» **Given material**:
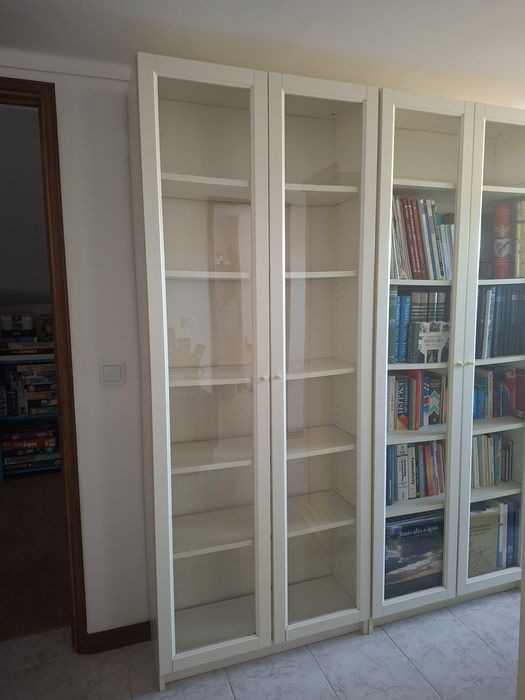 Estantes Billy Ikea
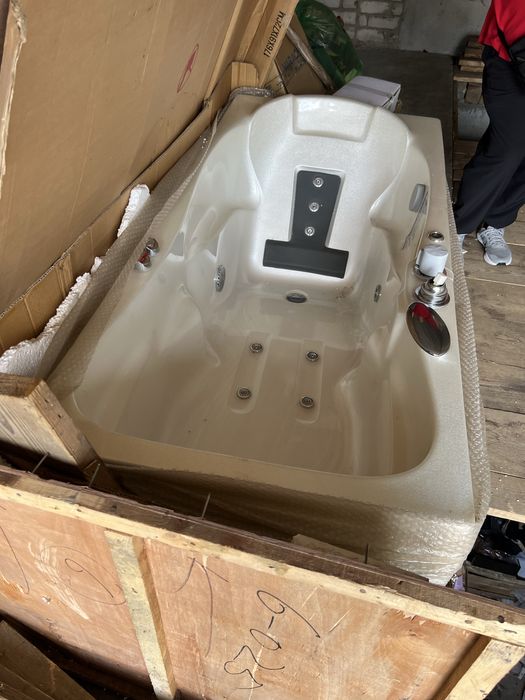 Ванна джакузи прямокутна с гидромассажем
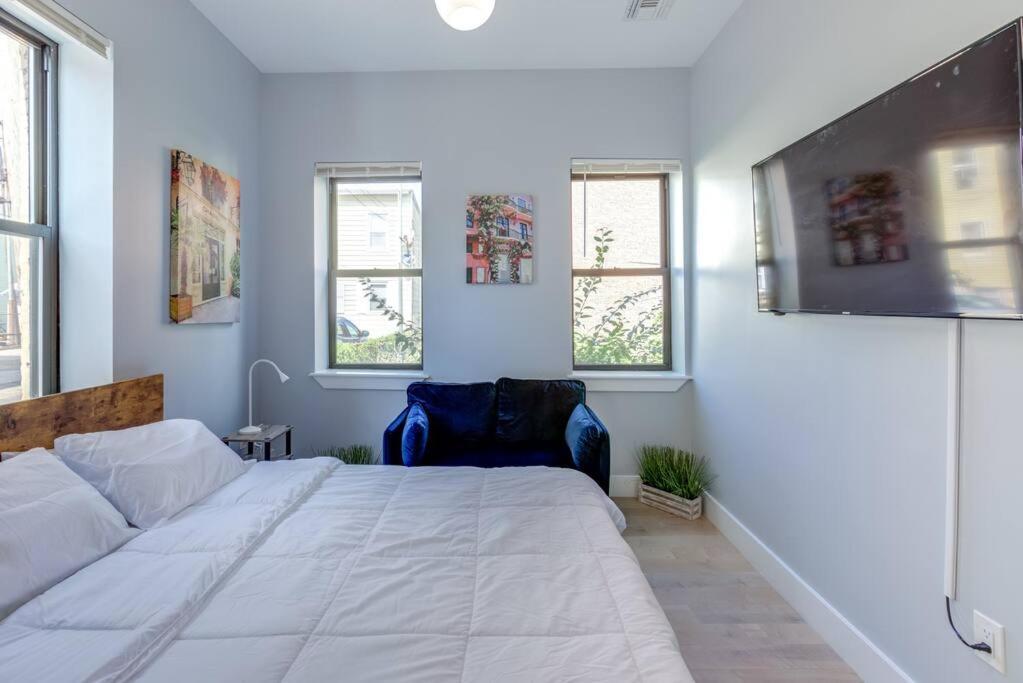 Luxury Designer Theme 2Br Apt Near Nyc / Thepath Apartment Newark Bagian luar foto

» **Your instructions**: Copy nothing but the lines from the one containing "Ванна джакузи прямокутна с гидромассажем" through the last line of the listing above, transcribed exactly and with no pictures.

» **Finished task**:
 Ванна джакузи прямокутна с гидромассажем
 Luxury Designer Theme 2Br Apt Near Nyc / Thepath Apartment Newark Bagian luar foto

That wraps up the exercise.